This Amendment No. 2 (this “Amendment”) amends and supplements the Solicitation/Recommendation Statement on Schedule 14D-9, as amended through the date hereof (the “Statement”), originally filed with the Securities and Exchange Commission on October 6, 2004, by Orbitz, Inc., a Delaware corporation (the “Company” or “Orbitz”), relating to the tender offers by Robertson Acquisition Corporation, a Delaware corporation (“Purchaser”) and an indirect wholly owned subsidiary of Cendant Corporation (“Parent”), a Delaware corporation, disclosed in a Tender Offer Statement on Schedule TO dated October 6, 2004 pertaining to the Company’s Class A Common Stock, par value $.001 per share (the “Class A Common Stock”), filed by Parent, to purchase all of the shares of Class A Common Stock and the Company’s Class B Common Stock, par value $.001 per share (the “Class B Common Stock” and together with the Class A Common Stock, the “Shares”), which are not currently owned by the Purchaser, at a purchase price of $27.50 per Share (such price, or any such higher price per Share as may be paid, the “Offer Price”), net to the seller in cash, without interest thereon, upon the terms and subject to the conditions set forth in the Offer to Purchase dated October 6, 2004 (the “Offer to Purchase”), and in the related Letter of Transmittal (which, together with the Offer to Purchase and any amendments or supplements thereto, are referred to herein collectively as the “Offers”). The Offer to Purchase and the Letter of Transmittal are filed as Exhibits (a)(1)(A) and (a)(1)(B) to the Statement, respectively.
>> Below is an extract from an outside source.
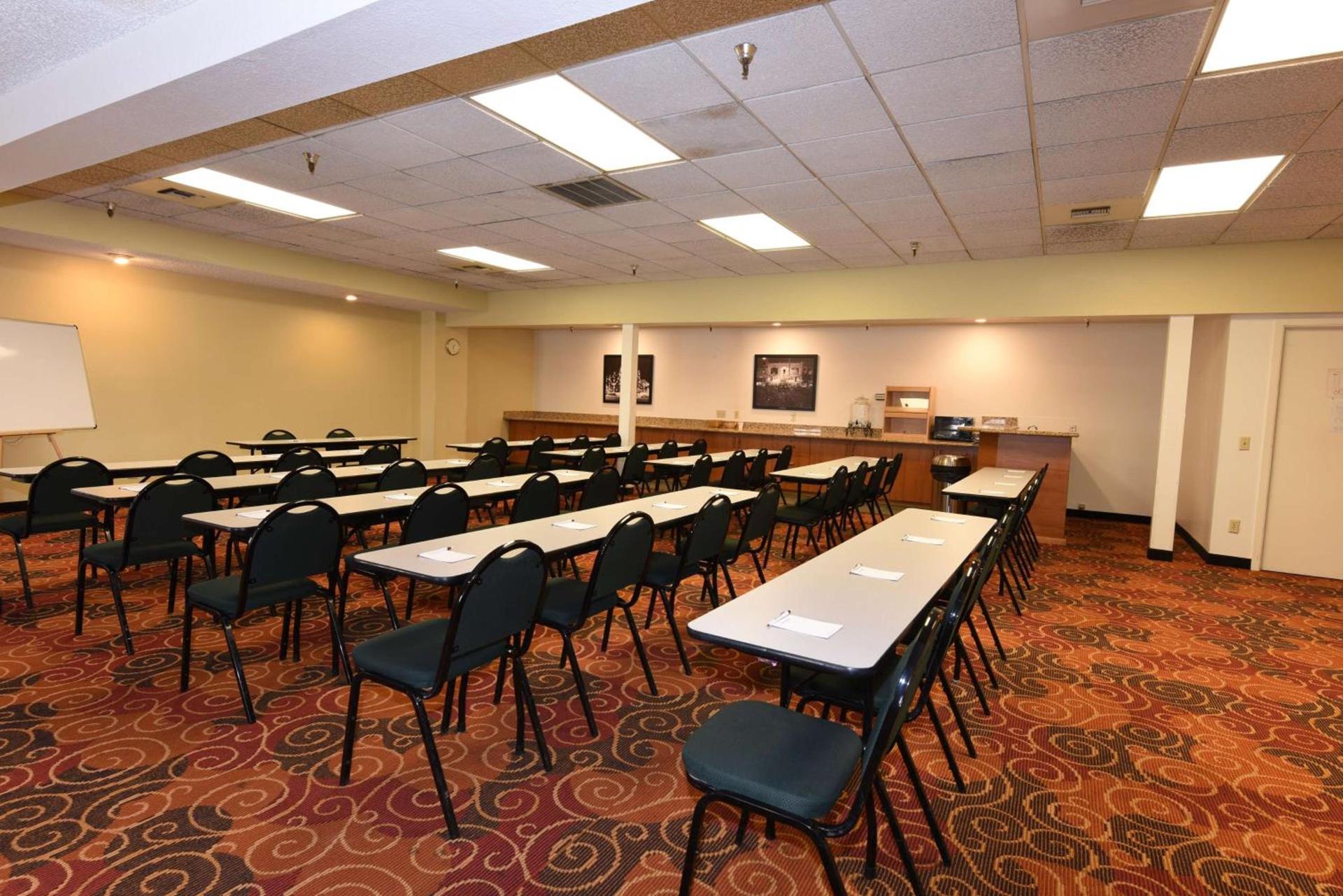 Best Western Plus Ahtanum Inn photo 59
Capitalized terms used and not otherwise defined in this Amendment shall have the meanings assigned to such terms in the Statement.
Item 8. Additional Information.
Item 8 of the Statement is hereby amended and supplemented as follows:
The Statement is hereby amended by adding the following to the end of the section captioned “United States Antitrust” in Item 8:
“At 11:59 p.m., New York City time, on November 1, 2004, the waiting period under the HSR Act expired.”
Item 9. Exhibits
Item 9 of the Statement is hereby amended and supplemented to add the following:
“(a)(5)(F) Press Release issued by the Company, dated November 2, 2004.”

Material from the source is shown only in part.